In-Place Upgrade to Proxmox Backup Server 4.0 (Homelab Edition)

If your homelab matters, your backups matter more. Proxmox Backup Server (PBS) 4.0 is out now on Debian 13 “Trixie”, with a Linux 6.14 kernel and ZFS 2.3.3. Headline upgrades include native S3-compatible object storage, live RAIDZ expansion, and automatic sync on mount for removable datastores. Below is a straightforward, no-subscription in-place upgrade from PBS 3.4 → 4.0, with homelab-friendly notes.On this page:

From the field: I upgraded my PBS instance in-place and it went smoothly — but only because I took a backup of the backup server first (yes, the irony is not lost on me). In-place upgrades on infrastructure you depend on always warrant caution.

Why upgrade?

  • Modern base (Debian 13 “Trixie”) + Kernel 6.14 — better hardware support, performance, and security on mixed homelab gear.
  • ZFS 2.3.3 with live RAIDZ expansion — grow existing RAIDZ vdevs with minimal downtime.
  • Native S3-compatible object storage — point PBS at public or private S3-API storage; smart local caching reduces API calls and cost. Contents remain reusable for DR.
  • Automatic sync on mount — run sync jobs whenever a removable datastore is mounted; great for USB/offsite copies.

Before you start (quick checks)

Tip: Use SSH with tmux or screen. Don’t rely on the web console during the upgrade.

  1. Be on PBS 3.4 latest apt update && apt dist-upgrade proxmox-backup-manager versions # expect 3.4.2-1 or newer
  2. Back up your config tar czf ~/pbs3-etc-backup-$(date -I).tar.gz -C /etc proxmox-backup
  3. Free space: aim for ≥ 10 GB free on /. df -h /
  4. If PBS and PVE live on the same box, review the PVE 8→9 upgrade and switch both repos in sync.

Step 1 — Run the checklist

Fix what it flags, then re-run until clean. It’s advisory (no changes made) but catches common issues.

pbs3to4 --full

Step 2 — (Optional) Enable maintenance mode

Stop new backups starting mid-upgrade while keeping existing ones readable:

proxmox-backup-manager datastore update <DATASTORE-ID> --maintenance-mode read-only

Step 3 — Point APT at Trixie and the no-subscription PBS repo

No-subscription users: This adds the correct PBS 4 pbs-no-subscription repository in the modern deb822 format.

1) Flip Debian to Trixie

sed -i 's/bookworm/trixie/g' /etc/apt/sources.list

Also check files under /etc/apt/sources.list.d/ and comment out any remaining Bookworm entries.

2) Add the PBS 4 no-subscription repo (deb822 format)

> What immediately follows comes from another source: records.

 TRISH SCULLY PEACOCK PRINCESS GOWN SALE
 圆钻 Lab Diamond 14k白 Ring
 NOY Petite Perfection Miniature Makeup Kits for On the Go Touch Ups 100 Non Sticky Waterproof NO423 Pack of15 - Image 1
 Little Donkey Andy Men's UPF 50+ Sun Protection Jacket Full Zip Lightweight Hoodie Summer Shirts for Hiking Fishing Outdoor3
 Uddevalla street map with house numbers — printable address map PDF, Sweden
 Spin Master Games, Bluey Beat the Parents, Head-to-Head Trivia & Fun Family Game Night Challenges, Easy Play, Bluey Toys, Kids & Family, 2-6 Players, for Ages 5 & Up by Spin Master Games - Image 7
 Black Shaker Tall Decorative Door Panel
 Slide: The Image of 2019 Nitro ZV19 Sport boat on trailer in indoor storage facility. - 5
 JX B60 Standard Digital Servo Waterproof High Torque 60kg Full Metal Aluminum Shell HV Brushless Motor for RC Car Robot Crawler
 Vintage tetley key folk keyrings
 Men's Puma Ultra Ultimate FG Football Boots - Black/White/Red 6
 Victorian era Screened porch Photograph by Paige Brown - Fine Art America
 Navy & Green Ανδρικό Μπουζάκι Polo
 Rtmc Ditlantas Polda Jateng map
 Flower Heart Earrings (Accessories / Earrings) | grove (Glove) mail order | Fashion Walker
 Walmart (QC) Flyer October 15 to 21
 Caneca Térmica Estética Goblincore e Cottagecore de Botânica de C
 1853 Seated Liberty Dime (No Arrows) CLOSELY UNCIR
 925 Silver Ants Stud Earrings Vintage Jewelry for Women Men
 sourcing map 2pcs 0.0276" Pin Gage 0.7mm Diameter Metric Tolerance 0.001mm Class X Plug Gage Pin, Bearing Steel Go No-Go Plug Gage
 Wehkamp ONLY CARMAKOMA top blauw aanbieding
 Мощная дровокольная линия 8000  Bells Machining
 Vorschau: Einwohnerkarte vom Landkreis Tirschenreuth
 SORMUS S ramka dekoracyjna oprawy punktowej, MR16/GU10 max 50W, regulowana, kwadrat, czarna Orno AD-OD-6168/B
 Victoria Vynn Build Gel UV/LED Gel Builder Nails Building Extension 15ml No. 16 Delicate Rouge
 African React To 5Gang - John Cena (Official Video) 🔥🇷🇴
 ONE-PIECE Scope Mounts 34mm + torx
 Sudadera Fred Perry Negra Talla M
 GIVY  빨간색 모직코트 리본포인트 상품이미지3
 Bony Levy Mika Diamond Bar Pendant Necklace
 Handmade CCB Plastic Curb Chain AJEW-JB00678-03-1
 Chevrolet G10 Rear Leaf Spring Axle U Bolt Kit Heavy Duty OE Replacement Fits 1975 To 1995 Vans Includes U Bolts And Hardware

cat > /etc/apt/sources.list.d/proxmox.sources << 'EOF'
Types: deb
URIs: http://download.proxmox.com/debian/pbs
Suites: trixie
Components: pbs-no-subscription
Signed-By: /usr/share/keyrings/proxmox-archive-keyring.gpg
EOF

apt update && apt policy   # ensure only Trixie repos are active

Remove or disable older PBS repo entries once apt policy shows only Trixie sources.

Step 4 — Upgrade

apt dist-upgrade

Expect prompts about service restarts and some config diffs (e.g., /etc/ssh/sshd_config, /etc/default/grub). If unsure, defaults are fine — you’ll reboot anyway.

Step 5 — Reboot and verify

systemctl reboot
# after boot:
systemctl status proxmox-backup.service proxmox-backup-proxy.service

Force-reload the web UI after the upgrade (Ctrl+Shift+R on Windows/Linux or ⌘+Alt+R on macOS).

Step 6 — Tidy up

  • Turn off maintenance mode if you enabled it: proxmox-backup-manager datastore update <DATASTORE-ID> --delete maintenance-mode
  • (Optional) Modernise APT sources to deb822: apt modernize-sources # Answer "n" to preview changes, then run again and "Y" to apply

Gotchas & homelab notes

Heads-up: Keep iKVM/IPMI or physical access handy during any major OS upgrade.

  • NIC names may change with the newer kernel; check your network config if links don’t come up as expected. Consider proxmox-network-interface-pinning to pin interface names and update config.
  • Older hardware: Kernel 6.14 brings changes; test on similar kit if you’re running decade-old controllers.
  • Bootloader: If your system historically pulled the systemd-boot meta-package, remove it (Proxmox manages boot via proxmox-boot-tool).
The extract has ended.